Rafoss says he’s thus far treated the restaurant like an underwater research base, giving him ample time to study marine life in its natural habitat. “You can’t do that as a diver,” he says, “you always have to come up for air.” His access has afforded him views of phenomena he believes few if any scientists have witnessed. “We’ve seen 5-millimeter-long lobsters climbing the windows that people don’t ever see until they’re 5 centimeters long,” he says. “I’ve seen species of jellyfish I’ve only previously read about.”
Rafoss has also conducted a series of experiments with flickering lights and sound, aimed at attracting marine life toward the restaurant. “There’s been leppefisk, which is a kind of wrasse, pollock, cod, jellyfish and mackerel,” says Ubostad. Rafoss says that in order to keep the window clean so diners can see the fish, he sends down two divers twice a week to brush away microalgae and seaweed. “We tried a robot once,” Rafoss says, “but it didn’t do a good enough job.”
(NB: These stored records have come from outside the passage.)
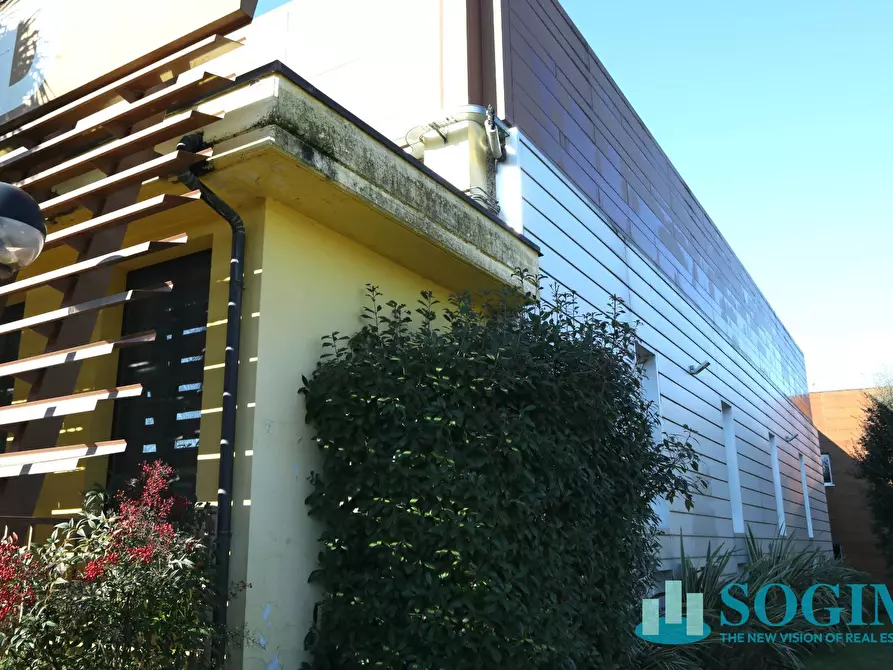 Immagine 59 di Capannone industriale in affitto  in maggi 120 a Lesmo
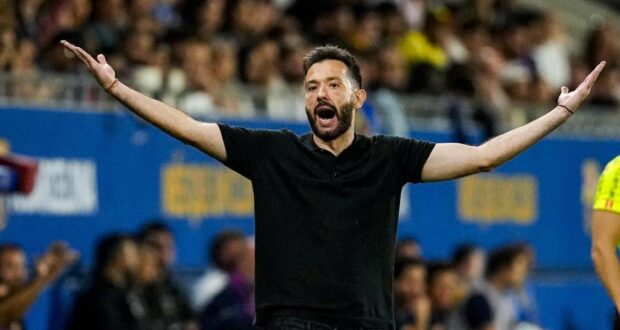 مباراة كرة قدم من بطولة EA Sports League على ملعب يوهان كرويف، نادي برشلونة، نادي فالنسيا، كوربيران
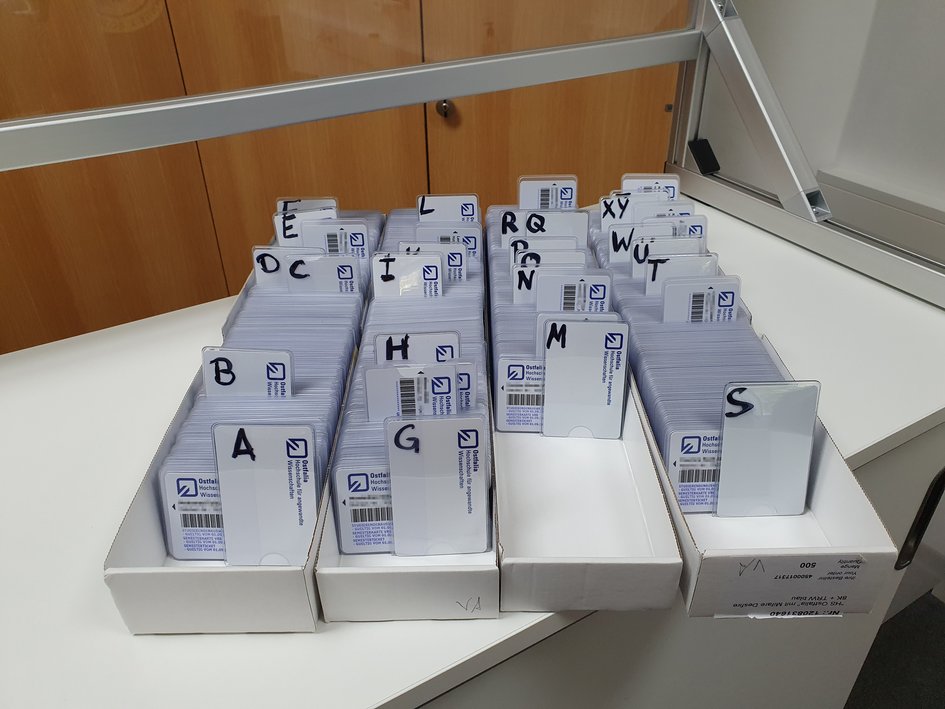 Ostfalia-Cards liegen im Rechenzentrum der Ostfalia Hochschule zur Abholung durch die Erstsemester-Studierenden bereit.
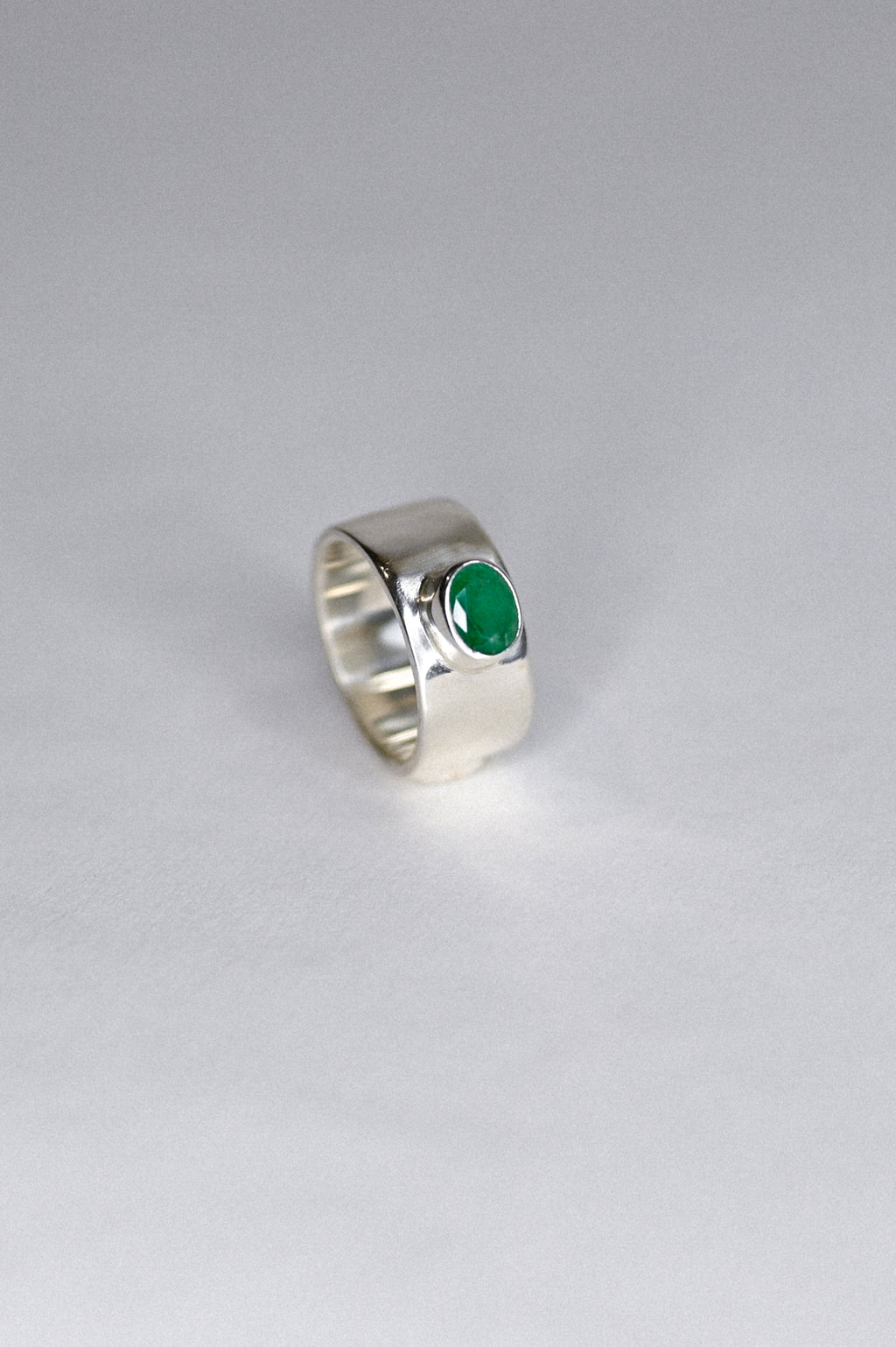 wide band x emerald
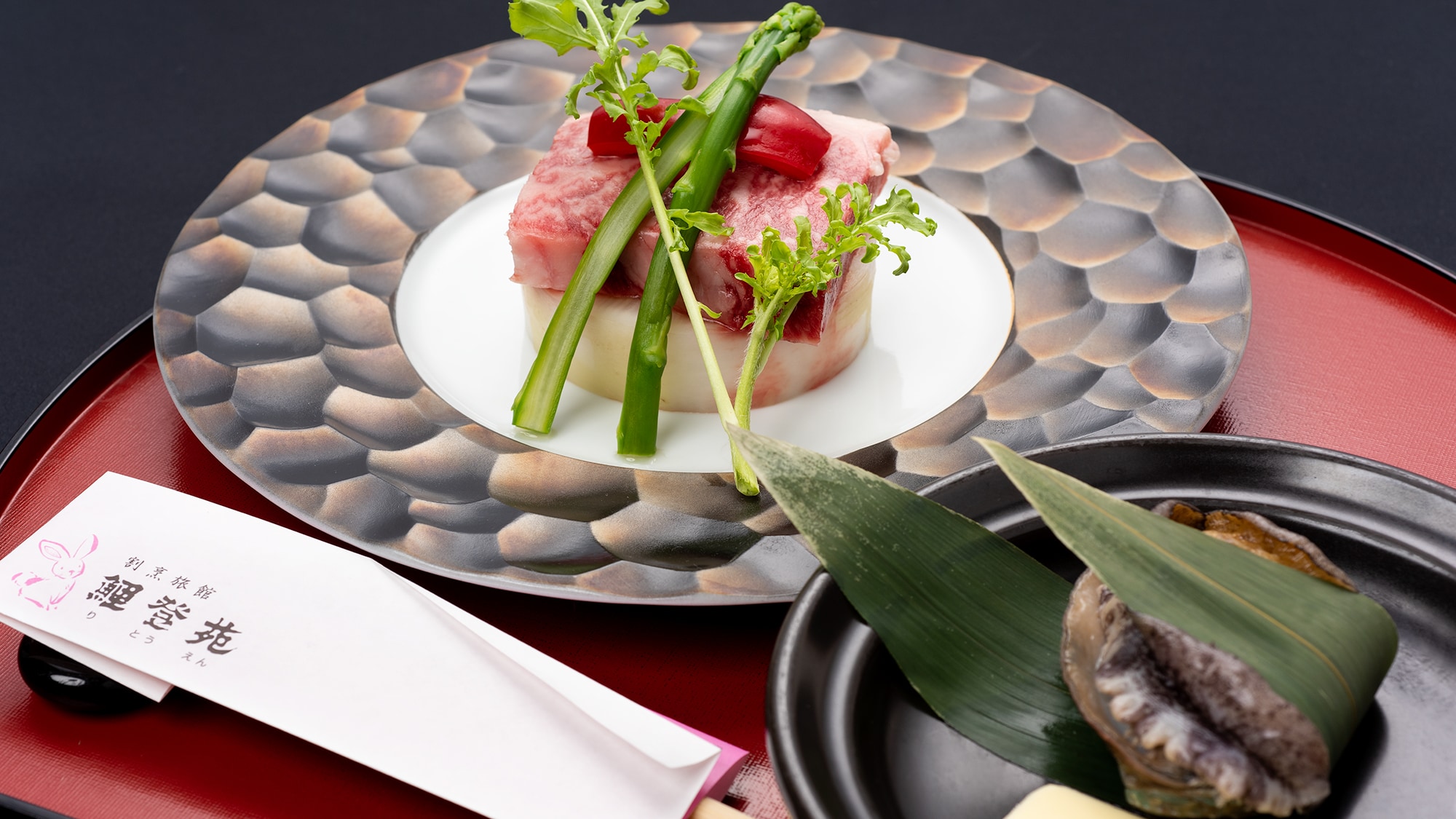 [Two main and three main plans common] Grilled abalone with butter, Saga wagyu beef steak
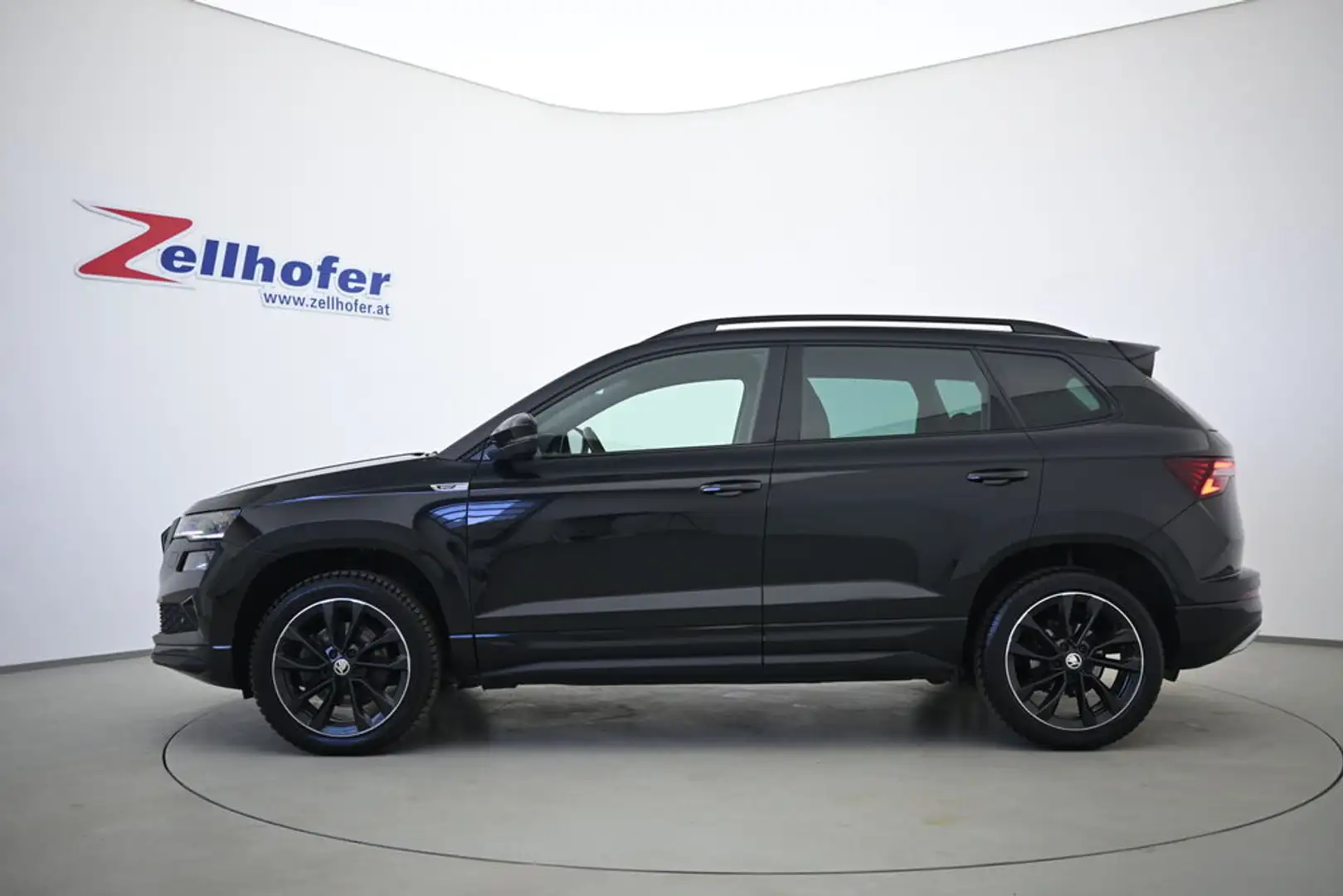 Skoda Karoq 2,0 TDI Sportline Schwarz - 2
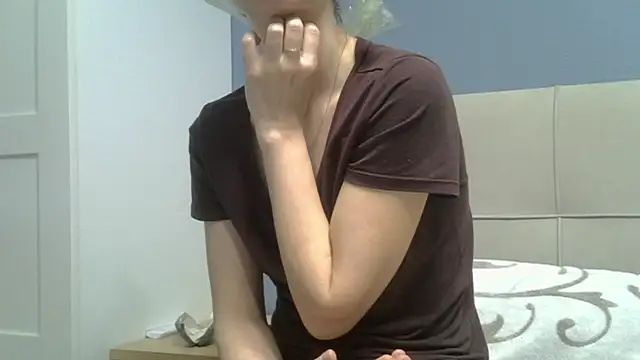 Ashleyspice online show from April 16, 2026, 6:58 am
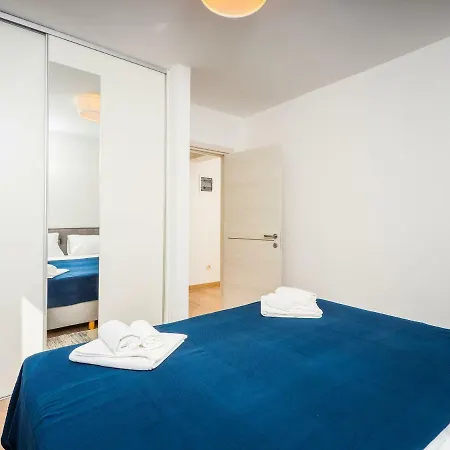 Appartments Adriatic Omisalj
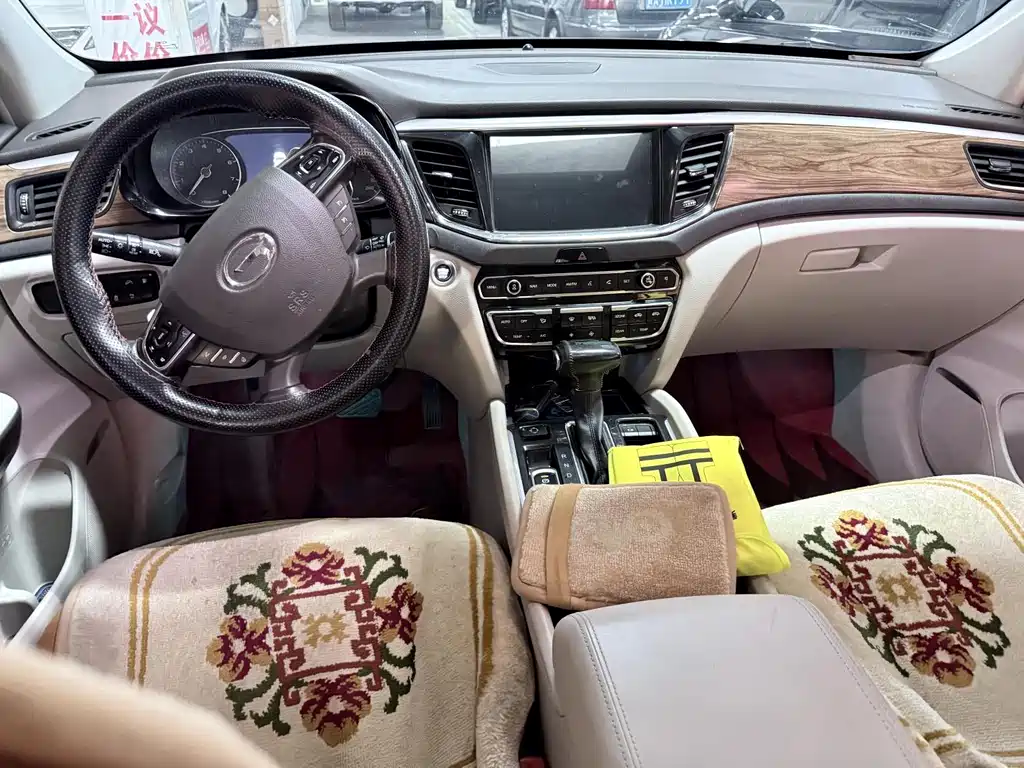 GAC Motor Trumpchi GS8 — фото 13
While the windows will be routinely cleaned, the plan is for the outer walls to be harvested. Small marine creatures like limpets, a type of snail, have affixed themselves to the algae-coated concrete. They’ve already become a favorite ingredient of Under’s 32-year-old Danish head chef, Nicolai Ellitsgaard, who has spent the last two-and-a-half years developing his menu while tirelessly exploring Norway’s southern coast. The first of Ellitsgaard’s 18 courses will look like a living limpet in its fluted, conical shell, but the plated shell will actually be made from seaweed and potato; inside will rest a mousse made from limpet meat from Under’s surrounding waters and parsley. Ellitsgaard plans to add limpets harvested from Under’s walls in future menus.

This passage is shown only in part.